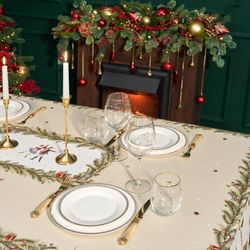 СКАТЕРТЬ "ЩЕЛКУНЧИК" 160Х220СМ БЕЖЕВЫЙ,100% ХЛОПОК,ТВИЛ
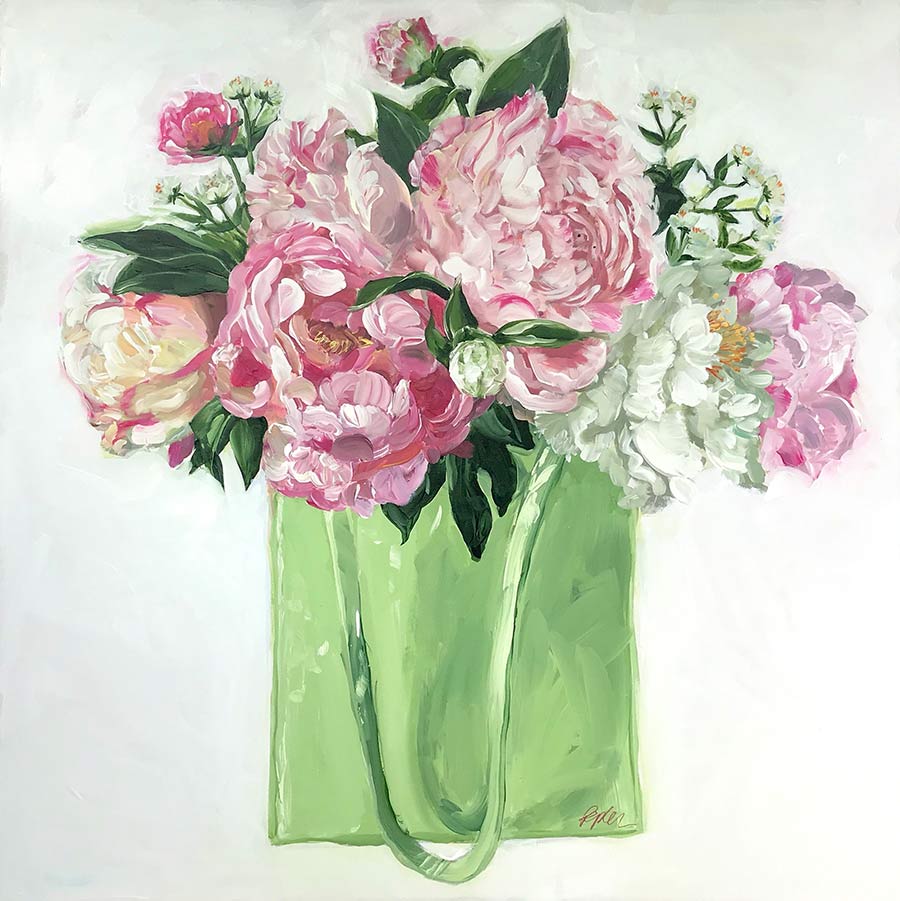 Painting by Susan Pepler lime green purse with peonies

...

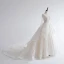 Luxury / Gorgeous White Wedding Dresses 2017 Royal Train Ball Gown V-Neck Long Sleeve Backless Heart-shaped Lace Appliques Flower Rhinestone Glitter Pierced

- [Exercise aim]
Using the records above, print exactly the run of lines that starts with the line with "160Х220СМ БЕЖЕВЫЙ,100% ХЛОПОК,ТВИЛ" and goes on through the line with "Painting by Susan", pictures excluded.

- [Solution to the exercise]
 СКАТЕРТЬ "ЩЕЛКУНЧИК" 160Х220СМ БЕЖЕВЫЙ,100% ХЛОПОК,ТВИЛ
 Painting by Susan Pepler lime green purse with peonies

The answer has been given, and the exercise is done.